··· DATA RECORDS
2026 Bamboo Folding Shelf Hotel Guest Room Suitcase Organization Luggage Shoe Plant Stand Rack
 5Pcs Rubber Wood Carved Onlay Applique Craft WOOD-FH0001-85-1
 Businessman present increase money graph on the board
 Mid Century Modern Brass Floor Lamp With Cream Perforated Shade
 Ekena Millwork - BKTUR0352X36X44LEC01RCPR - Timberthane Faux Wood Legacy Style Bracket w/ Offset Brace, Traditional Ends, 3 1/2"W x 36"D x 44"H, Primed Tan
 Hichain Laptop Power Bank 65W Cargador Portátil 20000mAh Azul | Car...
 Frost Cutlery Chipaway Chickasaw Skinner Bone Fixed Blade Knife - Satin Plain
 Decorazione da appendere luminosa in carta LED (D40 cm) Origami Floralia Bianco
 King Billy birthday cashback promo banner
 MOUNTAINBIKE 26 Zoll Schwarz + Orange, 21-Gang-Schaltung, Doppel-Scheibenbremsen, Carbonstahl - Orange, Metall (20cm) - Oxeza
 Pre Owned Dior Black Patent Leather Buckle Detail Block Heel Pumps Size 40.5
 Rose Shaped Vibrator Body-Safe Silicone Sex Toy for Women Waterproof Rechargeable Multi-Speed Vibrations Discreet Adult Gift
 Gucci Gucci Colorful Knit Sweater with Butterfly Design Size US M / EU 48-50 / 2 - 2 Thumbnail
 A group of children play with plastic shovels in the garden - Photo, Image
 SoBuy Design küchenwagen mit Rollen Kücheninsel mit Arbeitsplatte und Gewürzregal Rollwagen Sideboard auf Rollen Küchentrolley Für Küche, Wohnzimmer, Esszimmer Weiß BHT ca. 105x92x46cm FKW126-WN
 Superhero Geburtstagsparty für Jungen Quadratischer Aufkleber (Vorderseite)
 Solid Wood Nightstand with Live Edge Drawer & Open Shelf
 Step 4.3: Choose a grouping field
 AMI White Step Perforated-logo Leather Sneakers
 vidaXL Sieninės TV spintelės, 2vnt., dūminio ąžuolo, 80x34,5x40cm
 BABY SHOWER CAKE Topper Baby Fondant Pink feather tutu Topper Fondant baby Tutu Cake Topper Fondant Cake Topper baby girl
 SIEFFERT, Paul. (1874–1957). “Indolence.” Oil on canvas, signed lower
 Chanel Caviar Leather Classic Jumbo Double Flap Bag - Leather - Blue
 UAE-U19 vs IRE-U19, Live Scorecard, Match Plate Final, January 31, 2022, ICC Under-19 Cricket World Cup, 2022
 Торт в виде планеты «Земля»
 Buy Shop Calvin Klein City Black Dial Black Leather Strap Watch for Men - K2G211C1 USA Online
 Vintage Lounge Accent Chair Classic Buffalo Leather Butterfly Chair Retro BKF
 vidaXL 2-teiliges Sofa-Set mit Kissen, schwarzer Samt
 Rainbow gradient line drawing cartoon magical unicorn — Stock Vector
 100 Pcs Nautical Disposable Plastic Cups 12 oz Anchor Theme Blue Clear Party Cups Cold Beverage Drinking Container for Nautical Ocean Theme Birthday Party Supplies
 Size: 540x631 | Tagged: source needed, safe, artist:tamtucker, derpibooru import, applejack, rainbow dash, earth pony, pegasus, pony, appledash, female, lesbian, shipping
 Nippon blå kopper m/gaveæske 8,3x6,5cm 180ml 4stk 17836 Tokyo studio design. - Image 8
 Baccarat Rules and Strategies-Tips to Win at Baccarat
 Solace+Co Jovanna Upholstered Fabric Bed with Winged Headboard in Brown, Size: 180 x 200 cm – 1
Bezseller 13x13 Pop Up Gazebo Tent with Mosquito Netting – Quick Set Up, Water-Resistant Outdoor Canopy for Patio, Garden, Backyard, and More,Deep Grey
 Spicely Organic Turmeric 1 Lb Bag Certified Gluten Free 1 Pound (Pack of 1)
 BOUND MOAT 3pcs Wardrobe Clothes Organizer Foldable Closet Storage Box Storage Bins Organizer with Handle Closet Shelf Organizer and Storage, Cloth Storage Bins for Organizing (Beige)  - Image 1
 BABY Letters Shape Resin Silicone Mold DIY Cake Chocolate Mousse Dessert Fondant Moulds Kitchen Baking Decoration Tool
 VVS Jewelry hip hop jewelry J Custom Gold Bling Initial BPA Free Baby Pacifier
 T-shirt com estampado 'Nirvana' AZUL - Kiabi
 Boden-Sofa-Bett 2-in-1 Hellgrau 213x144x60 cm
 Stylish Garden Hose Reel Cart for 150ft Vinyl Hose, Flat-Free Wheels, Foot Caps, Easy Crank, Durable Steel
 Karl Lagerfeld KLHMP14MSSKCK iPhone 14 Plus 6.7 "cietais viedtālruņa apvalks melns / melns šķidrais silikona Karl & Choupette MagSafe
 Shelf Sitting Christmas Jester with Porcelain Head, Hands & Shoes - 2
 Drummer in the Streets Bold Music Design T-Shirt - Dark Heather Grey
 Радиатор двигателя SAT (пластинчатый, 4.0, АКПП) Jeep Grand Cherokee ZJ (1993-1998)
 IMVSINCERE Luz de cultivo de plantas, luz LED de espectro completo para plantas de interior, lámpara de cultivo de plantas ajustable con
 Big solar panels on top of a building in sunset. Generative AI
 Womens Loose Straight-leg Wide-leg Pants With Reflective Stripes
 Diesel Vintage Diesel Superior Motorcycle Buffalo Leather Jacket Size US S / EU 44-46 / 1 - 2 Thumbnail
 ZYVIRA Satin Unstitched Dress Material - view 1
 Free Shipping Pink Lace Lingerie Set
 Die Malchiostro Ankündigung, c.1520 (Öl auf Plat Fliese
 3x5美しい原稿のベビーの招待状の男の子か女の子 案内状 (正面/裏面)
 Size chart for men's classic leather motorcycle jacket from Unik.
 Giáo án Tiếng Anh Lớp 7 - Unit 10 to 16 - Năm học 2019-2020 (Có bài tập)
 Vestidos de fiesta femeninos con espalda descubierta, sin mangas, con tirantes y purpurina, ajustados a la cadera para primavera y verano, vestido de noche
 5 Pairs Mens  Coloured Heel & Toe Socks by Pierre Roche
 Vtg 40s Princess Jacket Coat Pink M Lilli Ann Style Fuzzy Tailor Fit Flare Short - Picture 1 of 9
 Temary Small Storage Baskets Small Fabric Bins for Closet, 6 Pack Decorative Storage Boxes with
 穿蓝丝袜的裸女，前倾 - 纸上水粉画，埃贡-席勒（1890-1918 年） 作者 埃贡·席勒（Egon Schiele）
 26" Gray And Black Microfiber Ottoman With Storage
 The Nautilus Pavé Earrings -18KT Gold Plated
······
# [WORK INSTRUCTION]
Copy the material above word for word, taking the first line, the line containing "Pre Owned Dior", and every line between them, and nothing else.

# [TASK SOLUTION]
2026 Bamboo Folding Shelf Hotel Guest Room Suitcase Organization Luggage Shoe Plant Stand Rack
 5Pcs Rubber Wood Carved Onlay Applique Craft WOOD-FH0001-85-1
 Businessman present increase money graph on the board
 Mid Century Modern Brass Floor Lamp With Cream Perforated Shade
 Ekena Millwork - BKTUR0352X36X44LEC01RCPR - Timberthane Faux Wood Legacy Style Bracket w/ Offset Brace, Traditional Ends, 3 1/2"W x 36"D x 44"H, Primed Tan
 Hichain Laptop Power Bank 65W Cargador Portátil 20000mAh Azul | Car...
 Frost Cutlery Chipaway Chickasaw Skinner Bone Fixed Blade Knife - Satin Plain
 Decorazione da appendere luminosa in carta LED (D40 cm) Origami Floralia Bianco
 King Billy birthday cashback promo banner
 MOUNTAINBIKE 26 Zoll Schwarz + Orange, 21-Gang-Schaltung, Doppel-Scheibenbremsen, Carbonstahl - Orange, Metall (20cm) - Oxeza
 Pre Owned Dior Black Patent Leather Buckle Detail Block Heel Pumps Size 40.5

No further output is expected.